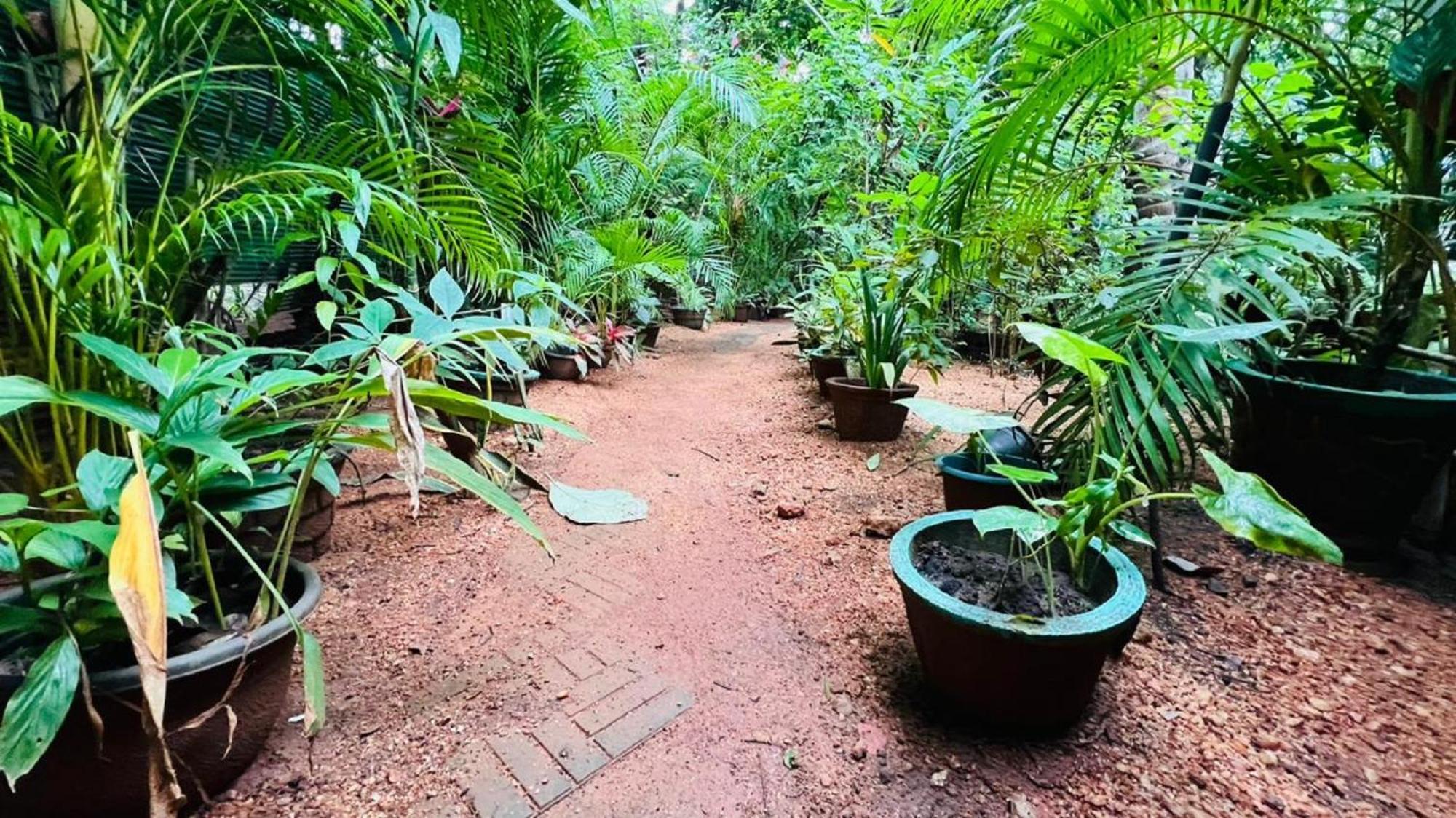 Sigiri Kp Family Home Sigiriya Exterior foto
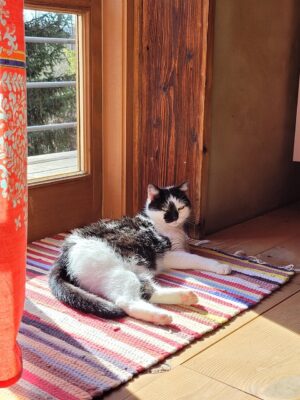 Kotek wygrzewa się na słońcu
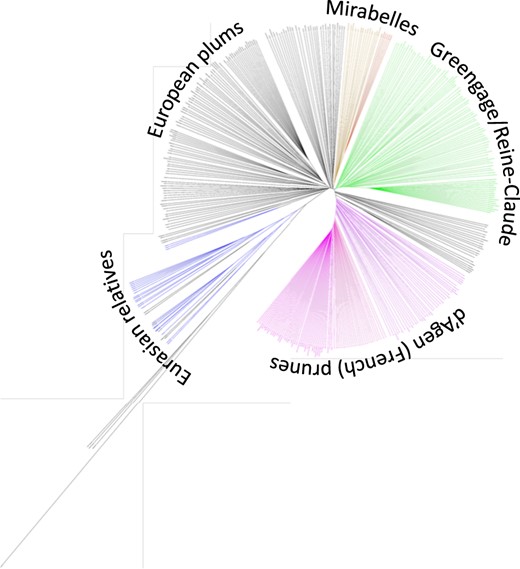 Dendrogram was generated using UPGMA clustering method on dissimilarity matrix computed for 405 accessions and 103,382 nuclear markers. A high-resolution version of the dendrogram is available as Figure S1. Branches are shown in ascending order based on pairwise distances. Different Prunus species and pomological groups are labeled and defined by colors—P. cerasifera and tetraploid P. spinosa (blue), European plums (black), mirabelles (brown), greengages (green) an d'Agen prunes (fuchsia). More intensive colors are shown for varieties with morphological traits that are more typical for the pomological group and likely represent the “core” germplasm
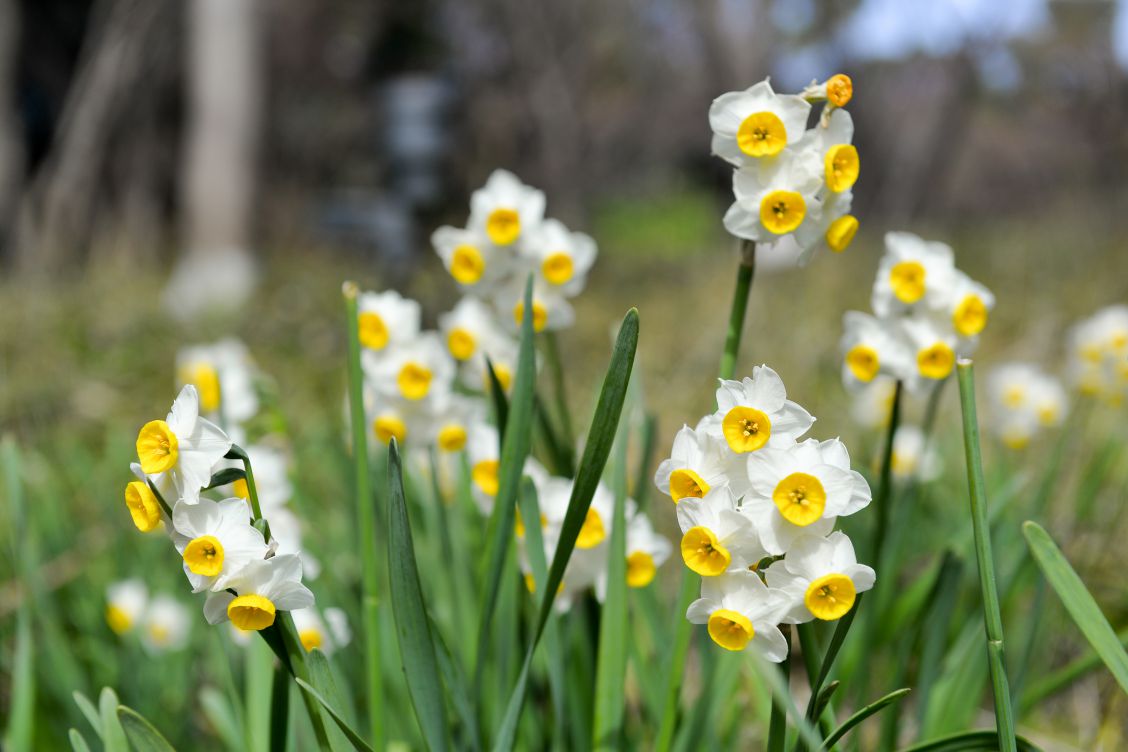 Weiß-gelbe Blüten der weißen Narzisse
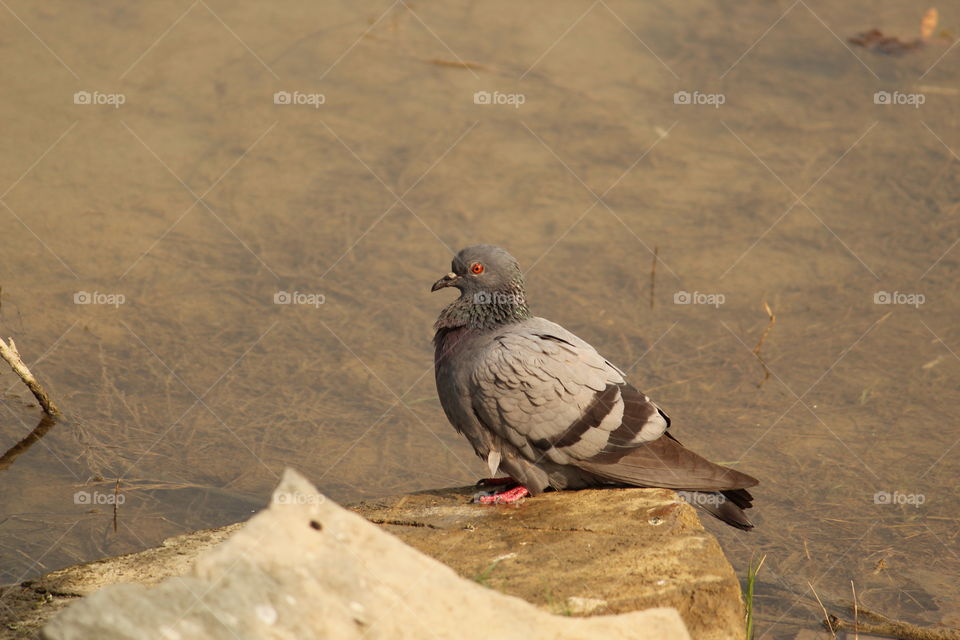 #pigeon #pigeoneye #cute #lake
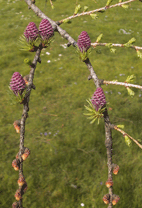 Larix decidua
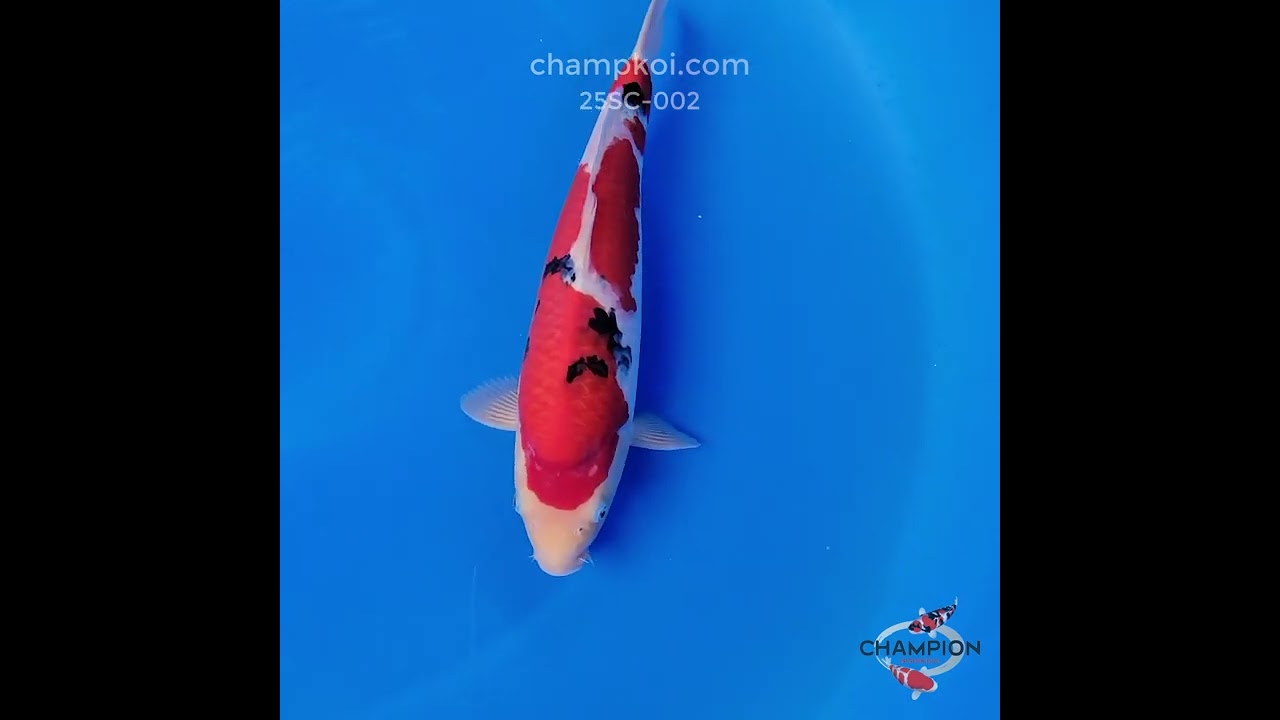 ●COYSEIO● 25SS COY ANGEL CAP ◆送料・関税込◆ Koi for Sale: 40cm Sakai Sanke | ChampKoi - Champion Nishikigoi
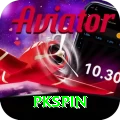 pkspin Deluxe Edition v3.7.2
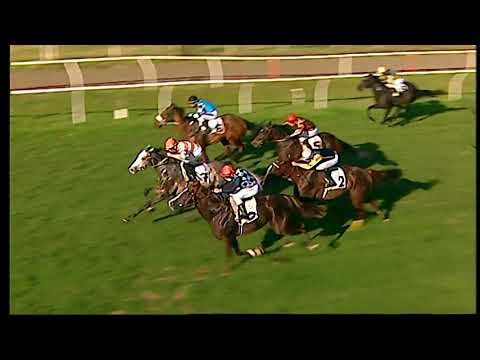 Napoli Galoppo 02/02/2021 - 4ª corsa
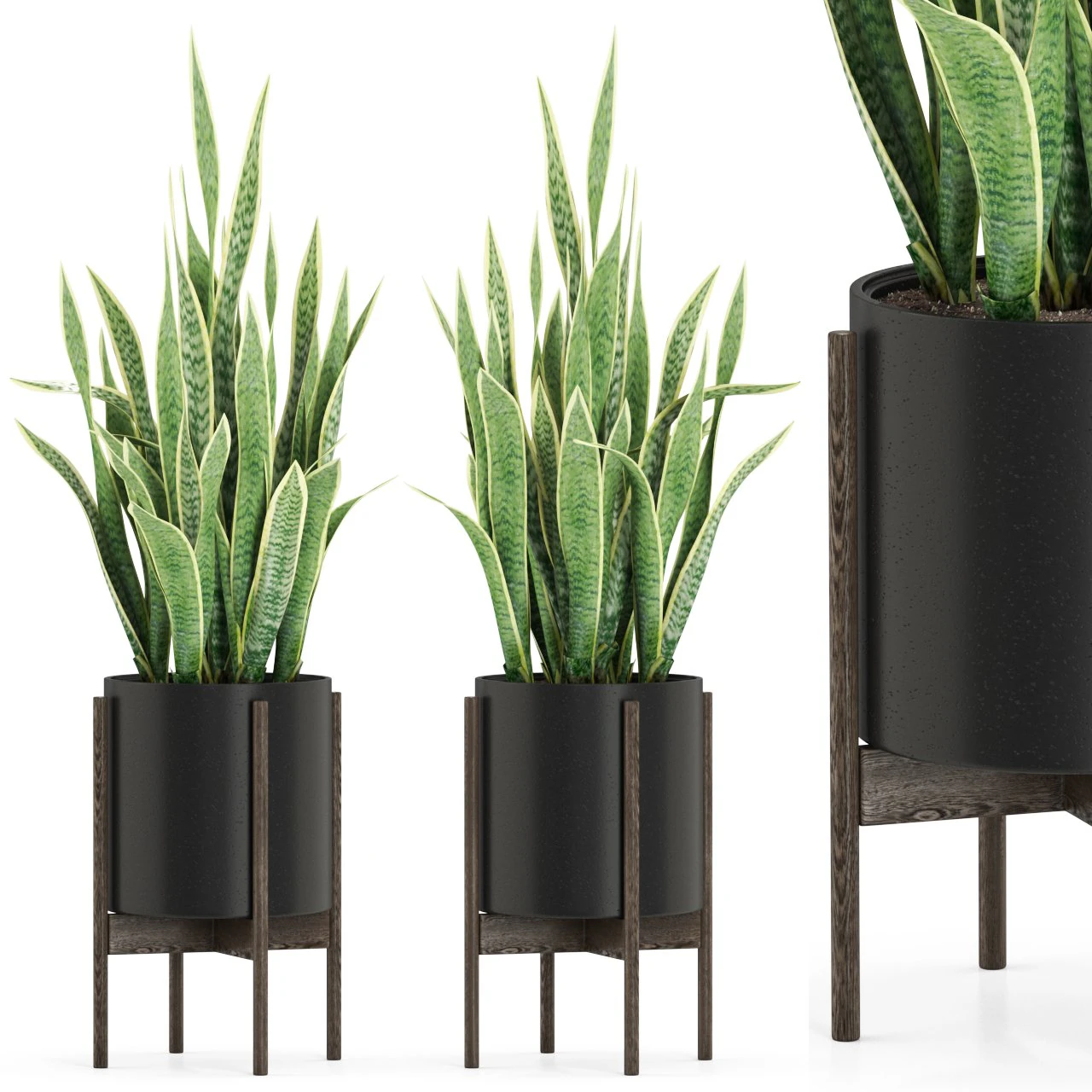 Plants collection 505 3D Model .c4d .max .obj .3ds .fbx .stl .blend 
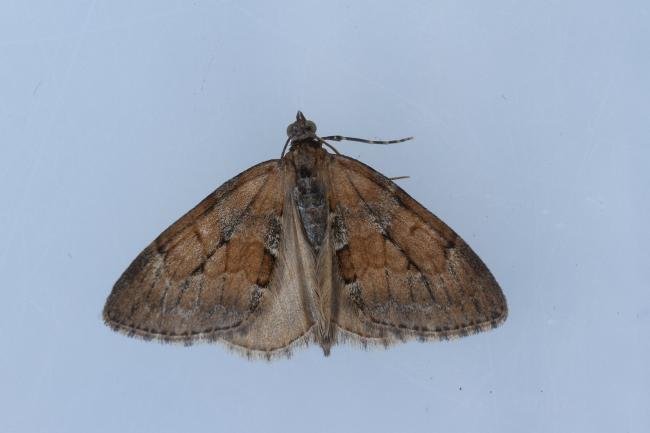 Grey Pine Carpet (Thera obeliscata), adult. Framwellgate Moor, 10-05-2023. Copyright Christopher Blakey.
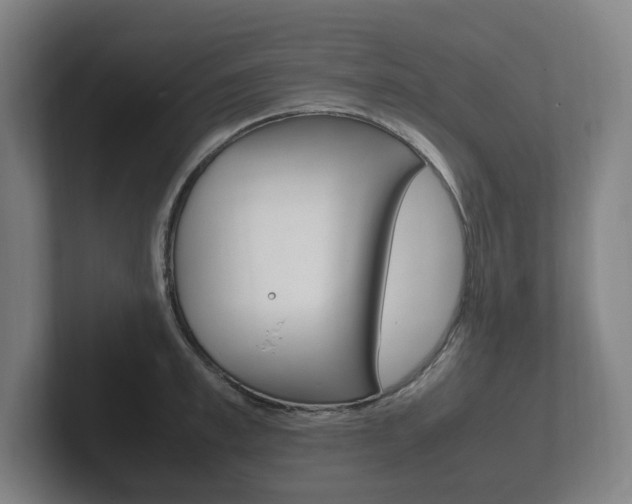 X0000102260997200807250834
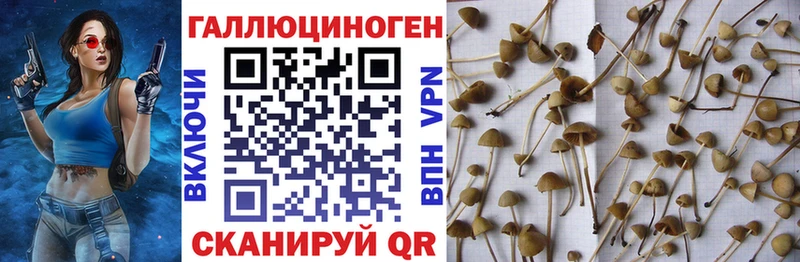 Псилоцибиновые грибы Magic Shrooms блэк спрут сайт Плёс магазин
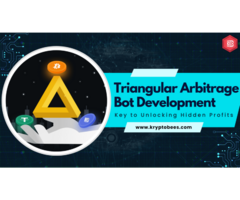Triangular Arbitrage Bot Development Company
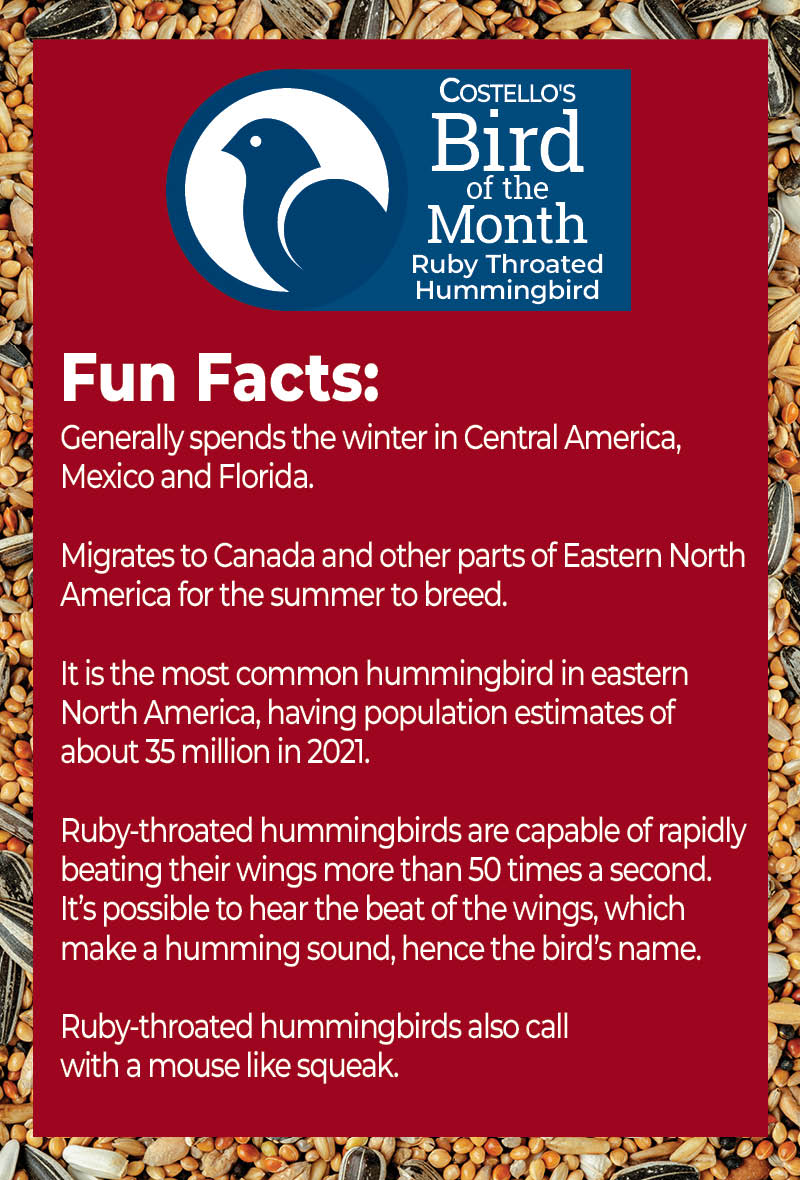 BotM - Ruby Throated Hummingbird - Facts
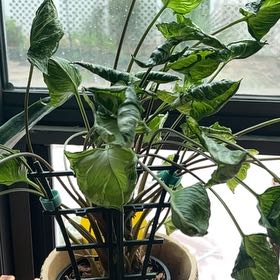 Photo of the plant species Syngonium by @AproposTyrimnus named Godzilla on Greg, the plant care app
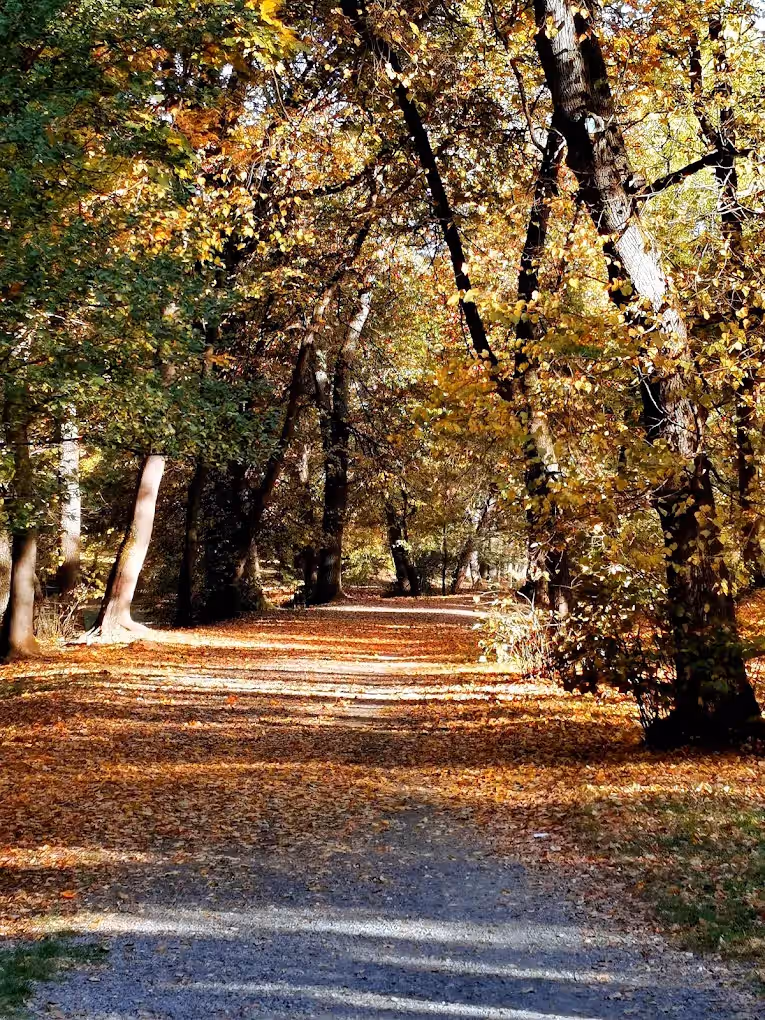 Parcul Sub Arini din Sibiu, România, fotografia 14 Parcul Sub Arini din Sibiu, România, fotografia 14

----

Repeat the preceding records exactly but drop the images.

 Sigiri Kp Family Home Sigiriya Exterior foto
 Kotek wygrzewa się na słońcu
 Dendrogram was generated using UPGMA clustering method on dissimilarity matrix computed for 405 accessions and 103,382 nuclear markers. A high-resolution version of the dendrogram is available as Figure S1. Branches are shown in ascending order based on pairwise distances. Different Prunus species and pomological groups are labeled and defined by colors—P. cerasifera and tetraploid P. spinosa (blue), European plums (black), mirabelles (brown), greengages (green) an d'Agen prunes (fuchsia). More intensive colors are shown for varieties with morphological traits that are more typical for the pomological group and likely represent the “core” germplasm
 Weiß-gelbe Blüten der weißen Narzisse
 #pigeon #pigeoneye #cute #lake
 Larix decidua
 ●COYSEIO● 25SS COY ANGEL CAP ◆送料・関税込◆ Koi for Sale: 40cm Sakai Sanke | ChampKoi - Champion Nishikigoi
 pkspin Deluxe Edition v3.7.2
 Napoli Galoppo 02/02/2021 - 4ª corsa
 Plants collection 505 3D Model .c4d .max .obj .3ds .fbx .stl .blend 
 Grey Pine Carpet (Thera obeliscata), adult. Framwellgate Moor, 10-05-2023. Copyright Christopher Blakey.
 X0000102260997200807250834
 Псилоцибиновые грибы Magic Shrooms блэк спрут сайт Плёс магазин
Triangular Arbitrage Bot Development Company
 BotM - Ruby Throated Hummingbird - Facts
 Photo of the plant species Syngonium by @AproposTyrimnus named Godzilla on Greg, the plant care app
 Parcul Sub Arini din Sibiu, România, fotografia 14 Parcul Sub Arini din Sibiu, România, fotografia 14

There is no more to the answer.